REVIEW: Always on My Mind, Living Record Festival

Bittersweet, this short play reveals how the breakdown of a relationship can leave us feeling confused and lonely.

Lockdown can have us thinking about a lot of things and make us feel lonely as this honest and relatable short play reveals through the eyes of Stacey and Curtis.

Written by Liam Alexandru, Always on My Mind sees the former couple discussing their relationship, while in the background their counterparts Jill and Jack bring their inner turmoil to life. Although the conversation is stilted, you get a real sense that both have have more to say than is conveyed.

In particular, I really enjoyed the way in which Jill and Jack contradict what Stacey and Curtis are saying to each other. This is particularly seen as Curtis asks about Stacey’s new relationship and while Jill says three months Stacey blurts out one month – although it means you are never quite sure who is speaking the truth, its an interesting device to show how they are struggling to say how really feel.

While Always on My Mind starts off as stilted and awkward conversation, it soon turns into a more deep and meaningful dissection of their relationship which broke down much to the pain of both. It has been well written to give real insight into how both characters are feeling and their personalities.

Each character is given a lot of impressive depth from both Charles Lomas (Curtis/Jack) and Lucy Syed (Stacey/Jill), who highlight the contrasting feelings with a lot of warmth and sharpness that keeps the audience invested in what is being said.

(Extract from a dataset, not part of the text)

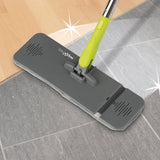 MAXXMEE Wischsystem Flat-Mopp mit klappbarem Wischkopf für Hartböden, Parkett und Fußleisten, Reinigung mit 2-Kammer-Eimer 5l grau/grün.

Cleverly directed by Theodore Gray, it is a smart piece that could certainly be developed further than its 18 minute current running time as it finishes quite abruptly and it would be interesting to see how they would attempt to build up their relationship again.

While perhaps the flash-back moments feel a bit disorientating in the way in which they have been filmed, Always On My Mind is a relatable and bittersweet examination on relationships and the difficulty of moving forward emotionally.

By Emma Clarendon

Always on My Mind is available to watch through the Living Record Festival until the 22nd February.